Ref. Ares(2020)7898951 - 23/12/2020
EUROPEAN COMMISSION
DIGIT D1
Study on the use of Artificial Intelligence
techniques for the electronic access to
Commission documents (for EASE and new
RegDoc systems)
Proposals for projects from D1
Date:
29/05/2019
Authors:
D1
1. CONTEXT AND OBJECTIVES
This study should examine the different possibilities to start using Artificial
Intelligence Techniques in information systems such as EASE and RegDoc. EASE
being the new information system that should handle the requests for access to
European Commission documents. This new system will provide an electronic
workflow for this handling. It will improve corporate capabilities to identify similar
requests submitted in the past and streamline the communication with third parties.
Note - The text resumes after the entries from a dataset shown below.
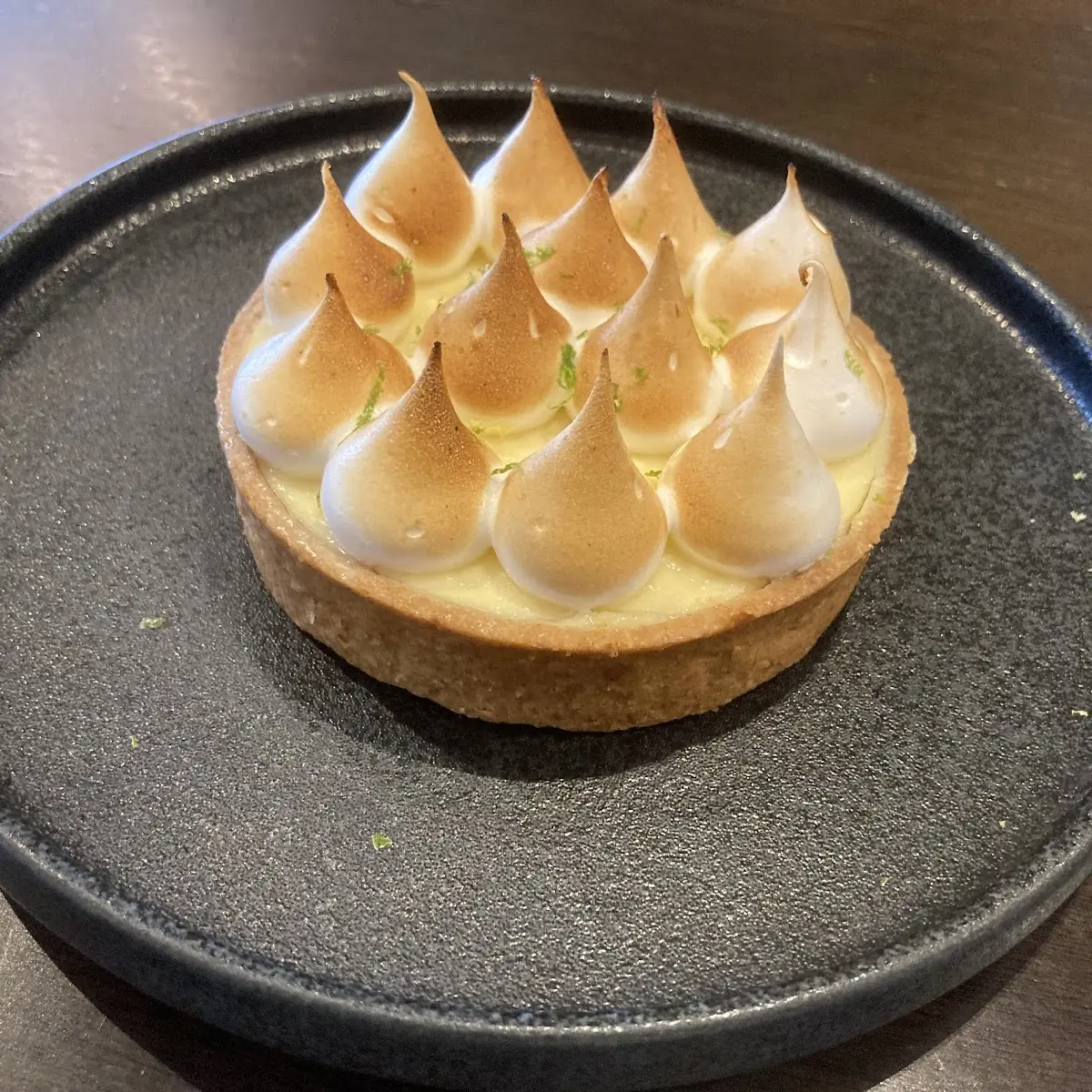 Lemon Tart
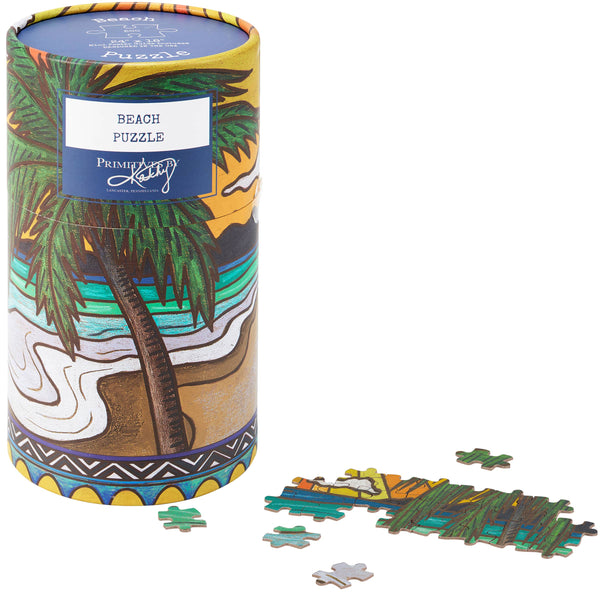 Primitives by Kathy - Beach Days Puzzle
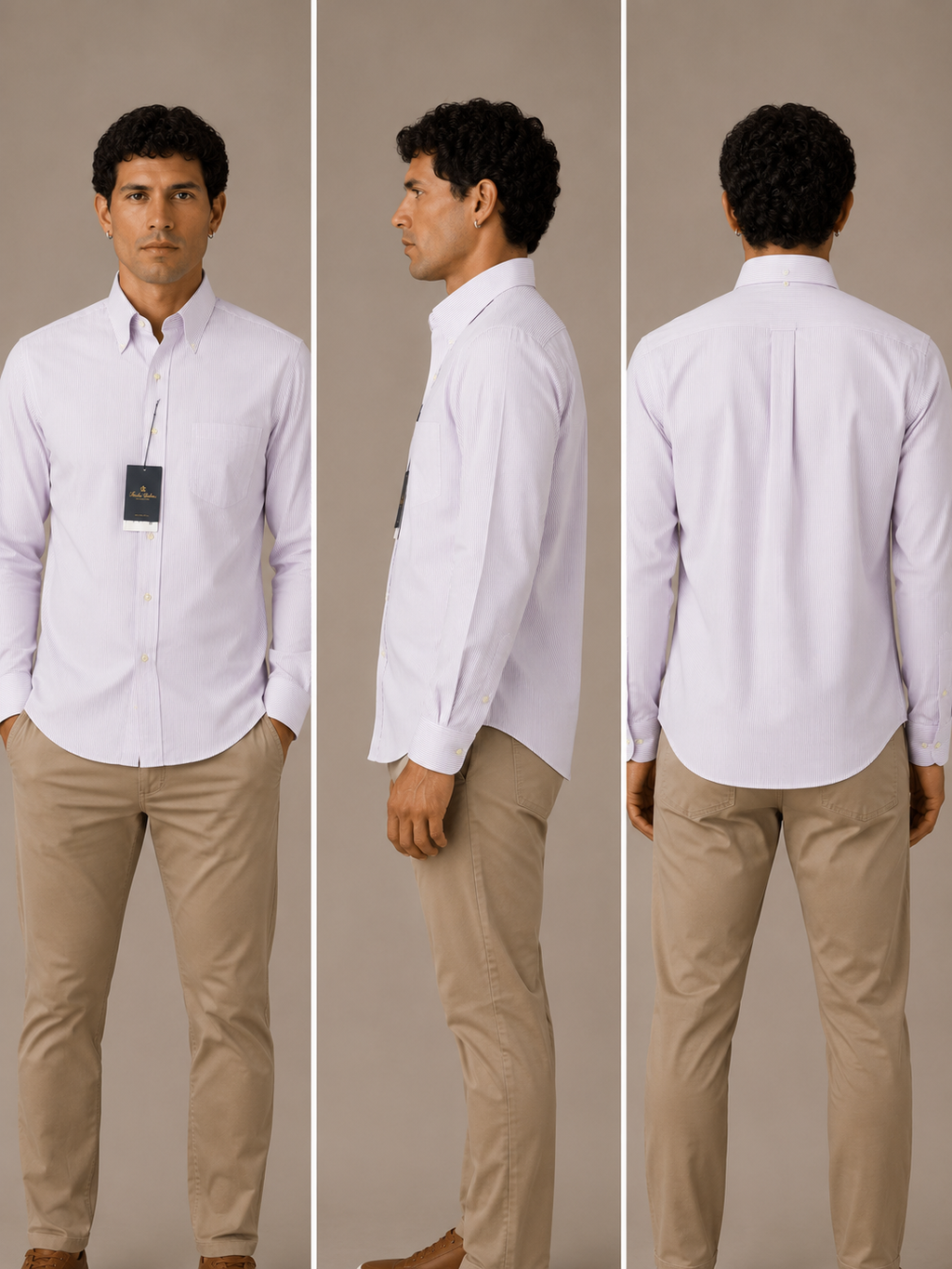 CAMISA BROOKS BROTHERS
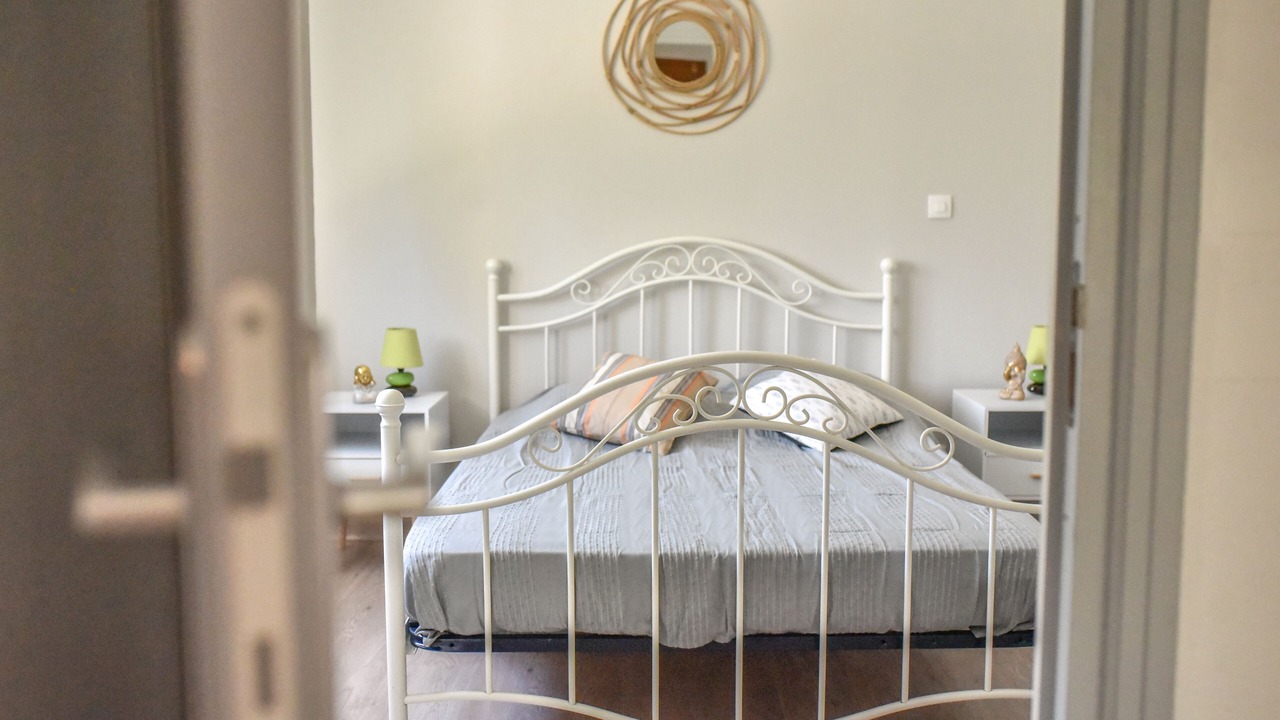 Photo of Bedroom in Grospierres
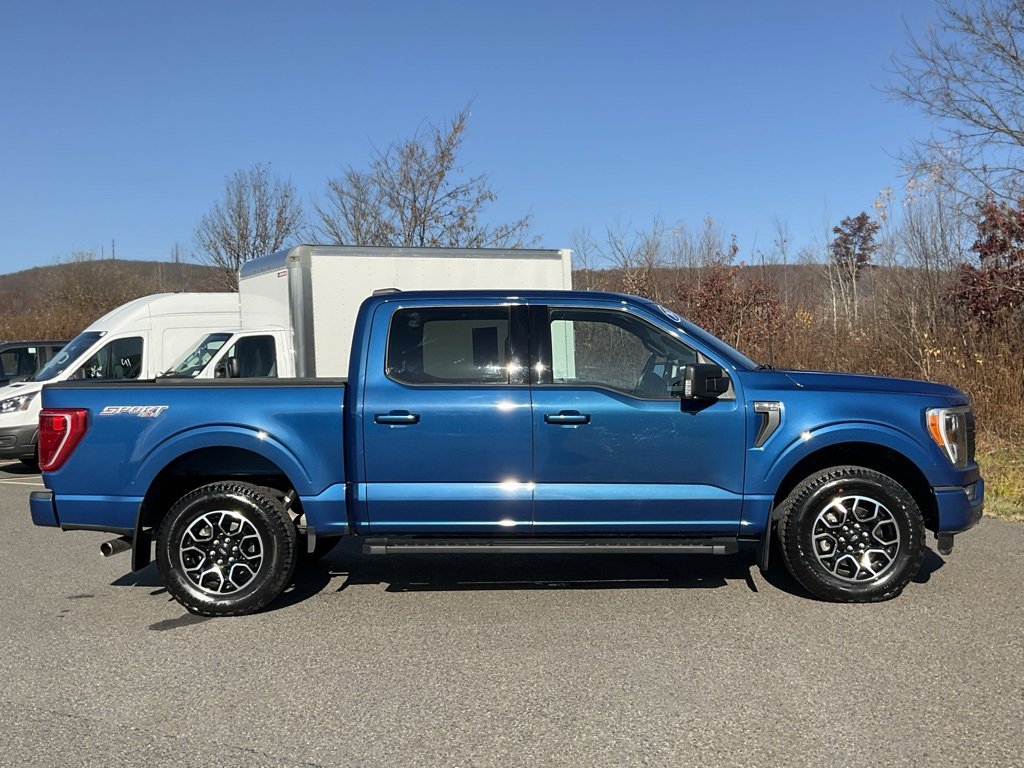 Used 2023 Ford F150 XLT w/ Equipment Group 302A High image 27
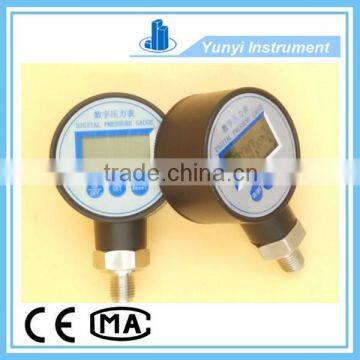 OEM digital pressure gauge for water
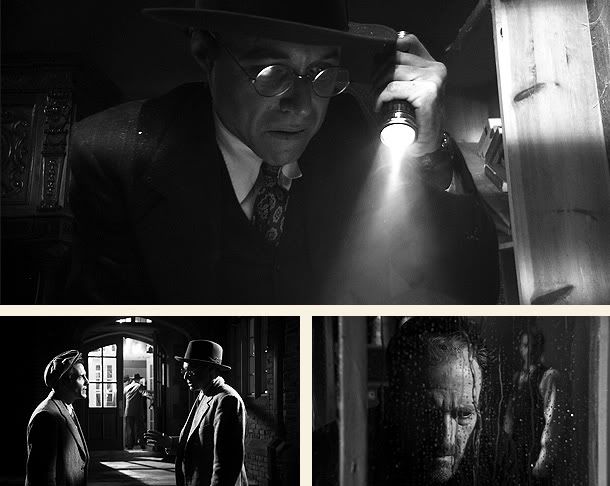 The Whisperer in Darkness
In this area of identification and streamlining, the artificial intelligence techniques
could come in use.
The objective of the EASE (Electronic Access to European Commission
Documents) project is to ensure the Commission will be equipped with modern,
electronic and integrated IT tools allowing the submission and handling of the
requests for public access to documents. The solution will cover the public interface
for communicating with applicants, the internal workflows within the European
Commission, and the consultations of other EU Institutions, Member States and
third parties, from the first request of the applicant to the final decision of the
Commission. The ultimate goal is to bring the EU decision-making process closer to
its citizens. The main objective of the project is to provide an information system
that enables streamlining of the access to European Commission documents
processes across the different stakeholders. The future system will improve the
workflows linked to the submission, processing and preparation of replies to
requests for access to European Commission documents. It also aims to rationalise
internal workflows and enhance consistency between replies.
Regdoc is the Commission’s Register of Documents; it is a public application that
allows citizens to look for Commission documents. Together with the document, it
displays metadata of the document. In case the document is not publicly available, a
web-based form can be filled by the citizen. The current application will be
rewritten in the coming years but this new project is at its early beginning so no
specific documentation exists yet.
The introduction of AI techniques is meant to enhance the EASE project in the first
place, but we would like to implement these tools also for the new RegDoc project
as well as for the other registers.
An example of an AI technique is Doris, a text-mining tool, used in the information
system Better Regulation Portal.
has sent us a first document for review in the light of potential AI
applications (
Regulation 1049/2001 Excerpts from relevant case-law and other
interpretative tools). Key elements of our understanding are discussed in point 3.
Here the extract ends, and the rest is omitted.